Bond, an outspoken critic of the FAA’s apparent lack of interest or policy toward providing redundant aviation systems backup over the long term, pointed out that the three elements of ATC–communications, navigation and surveillance–should be independent of each other, so that “a failure of one would not bring down the others.”
But this is no longer the case, he stated, since all three will be GPS dependent (both FAA’s Nexcom VHF and ADS-B surveillance transponders will require GPS to function), which means that “a well coordinated terrorist attack on GPS in the U.S., and indeed in most countries of the world, can collapse most or all of the entire ATC system.”
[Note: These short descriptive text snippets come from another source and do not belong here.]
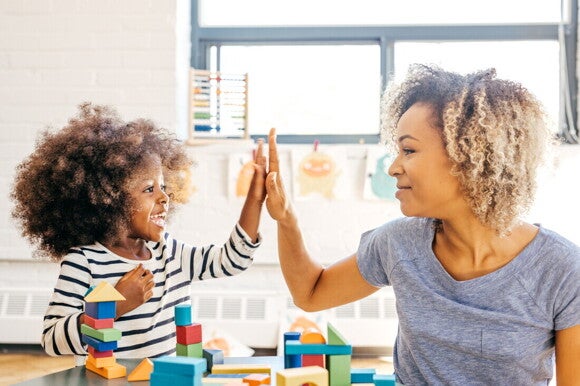 Niña pequeña y mamá jugando juntas, chocando los cinco.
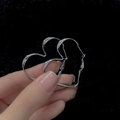 Minimalist silver heart twisted hoop earrings with a polished metallic finish - Silver Heart Hoop Earrings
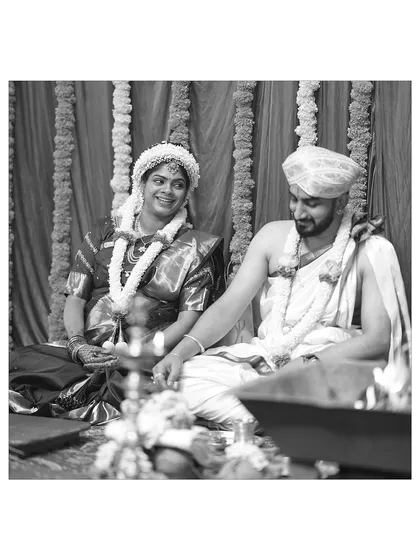 A candid black and white shot of a couple during their baby shower ceremony. The image captures a quiet, shared moment between the soon to be parents.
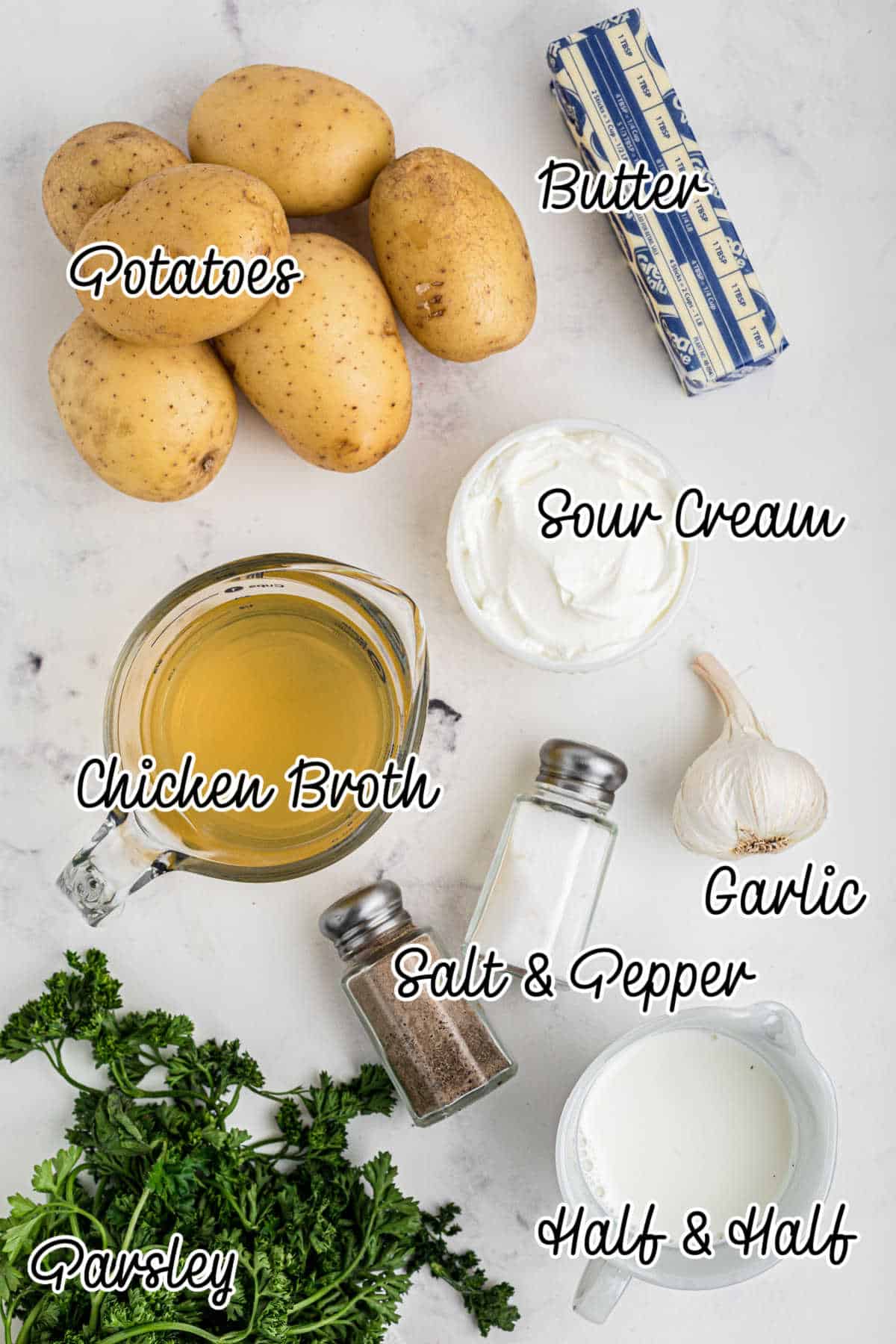 Overhead image of ingredients needed to make a slow cooker mashed potatoes with chicken broth recipe.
Bond contends that the Department of Transportation (DOT) is essentially ignoring the findings of the 1998 Presidential Commission on Critical Infrastructure Protection (PCCIP) and the 2001 Rumsfeld Commission on space policy, both of which warned of GPS’ vulnerability to interference or attack. “It is time,” said Bond, “for the Bush Administration to restate the oldest law of aviation safety–every system must fail safely.”
He also referred to the mystery surrounding a report on GPS’ vulnerability and corresponding mitigation measures that the PCCIP requested from the DOT. Prepared by the DOT’s Volpe Technical Center in 1999, and intended for public release, the report has never seen the light of day.
According to Bond, “The DOT is hiding it. The DOT and FAA do not want this study to be seen by the [public].”
FAA insiders told AIN strong opinions for and against the public release of the full report exist within the agency, with the expected outcome being the release of a watered-down version this fall.